Eye For Film >> Movies >> Always Shine (2016) Film Review
Always Shine
Reviewed by: Jennie Kermode
The old maxim write about what you know has always been problematic, contributing to an interminable number of books about writers and films about the film industry. To get noticed among these crowds, a piece of work has to be brilliant or unusual. Always Shine, a tale of two actresses, doesn't succeed in the former category but strives hard for the latter, and deserves to be congratulated for its boldness.
It opens with scene of a young actress in an audition, reading from a scene in which a woman is relentlessly taunted by a threatening men. This, together with a quote about the importance of women being beautiful, sets the tome for what is to follow. Beth (Caitlin FitzGerald) has enjoyed moderate success in Hollywood; she's acting in awful films, but at least she's acting, and getting paid. Sometimes best friend Anna (Mackenzie Davis) has not enjoyed the same good fortune. When they head out of town to spend a weekend together in Anna'a aunt's summer house, the bitterness this has created gradually bubbles to the surface.

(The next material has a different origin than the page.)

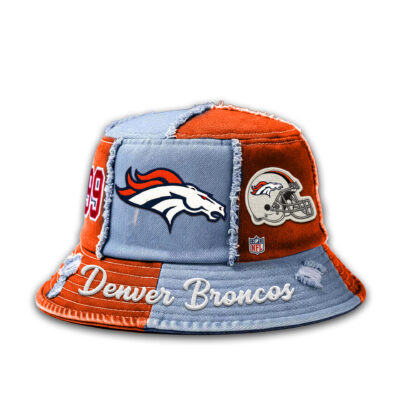 Denver Broncos | Premium NFL Bucket Hat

Understandably, Always Shine has elicited comparisons with Alex Ross Perry's Queen Of Earth, but to the extent that it can be said to portray mental illness, the boundaries of that illness are far less clear. It's also more even handed, in that Anna's behaviour becomes overtly aggressive and histrionic but Beth's passive aggression is clearly deliberate and manipulative. It's her superficial passivity, her demure fragility, that seems to be the key to her success. Both women are acutely aware that they are operating in a world controlled by men, but Anna is simply not willing to play the game. An astute scene at a bar highlights the problem. When Anna lashes out at a man who has just told them he's going to a men's retreat, Beth rolls her eyes and the audience is invited to feel bored and frustrated by a familiar rant, so it's all too easy to overlook that fact that the points Anna is making are, for the most part, good ones. If Anna's complaints come to feel ranting, that's because the injustices she experiences are grating on her.
Davis clearly relishes this role and delivers a standout performance, really letting rip. Unfortunately the script isn't consistently strong enough to support her, its artistic ambitions getting in the way of its ability to engage the audience. In the latter third, it breaks down structurally, increasingly revealing itself as a film and thereby commenting on the layers of illusion in Hollywood culture, as well as the delusional coping methods both women have developed. There are interesting ideas here but director Sophia Takal doesn't quite have the skill to carry them off, and instead what we get is a slackening of tension and a weakening of those narrative elements that were holding it together.
Despite good work from both its stars, and some interesting ideas, Always Shine ultimately amounts to less than the sum of its parts. As it's not an easy watch, it really needs to deliver more if it wants to get its points across.